Scheduling: Not the be all and end all

London:

A major peril of office work is project assignment. If you thought aimless drudgery was bad, wait until you experience the planned, monitored kind. Projects don’t alleviate tedium — they simply schedule it. Deadlines, progress meetings and status reports add nothing but an artificial sense of urgency.

Scheduling forms a big part of project work. Expect to spend at least two days a week planning, reviewing your plans and fabricating your timesheet to make it look as if you’re working to plan. The main purpose of scheduling is to somehow squeeze a week’s work into the few days remaining after the scheduling is done.

This is impossible, of course. The result is panic, guilt, stress and more scheduling. Ultimately, you pay the price by working 60-hour weeks on a 40-hour salary. Then, when chronic exhaustion takes its toll, you become even less productive. But the scheduling process makes no allowance for this, because the project team is in denial.

Ideally, at this point, you could quit. But there are other, less drastic, options. For example, whenever your manager asks you to estimate the time required for a task, always multiply the realistic figure by five. They will whine and moan, but you must stand your ground. Never accept an estimate of less than triple the time you think it’ll take.

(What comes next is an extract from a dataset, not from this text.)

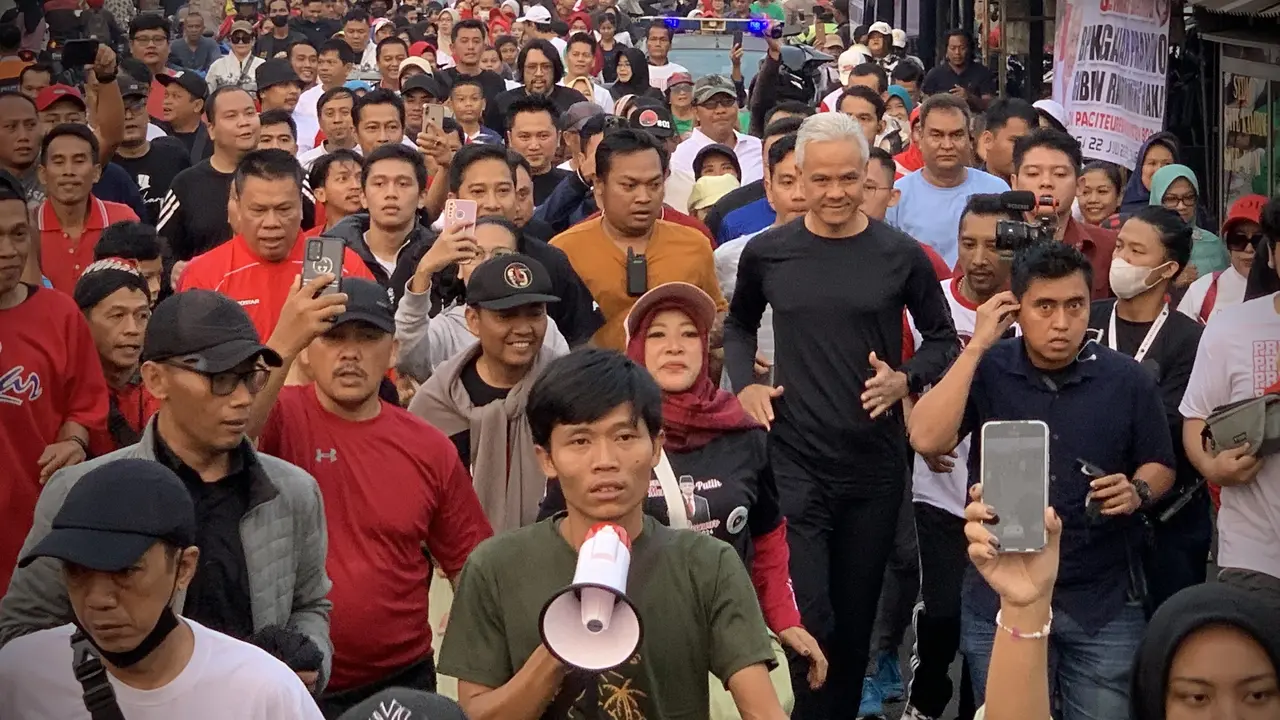 Ganjar Pranowo Lari Pagi di Bogor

To help you stand up to your manager, remember that scientific research is on your side. In the 1990s, researchers at Sussex University in the UK conducted a five-year study into Task Completion Wishful Thinking Syndrome, which concluded that tasks always take longer than we expect.

This is, apparently, a universal human trait. From wallpapering a room to developing a new fighter aircraft, we all tend to underestimate how long a job will take. We never learn from previous missed deadlines or modify our expectations of performance.

The flipside is that we’ll look back at any given period of time, and it will seem that we’ve accomplished embarrassingly little, relative to expectations. As a result, most of us go home every day feeling guilty. Managers then have an easy time emotionally blackmailing us into overtime.

To assuage your guilt, familiarise yourself with the Law of Snafu (Situation Normal: All Fouled Up), which states that no project ever completes on schedule. Those which appear to do so are, by definition, not really complete.

A corollary is that project managers live in a dreamworld. No amount of hard work can overturn these laws, so why bother? Chronic under-productivity is as certain as gravity: and so never feel ashamed of it.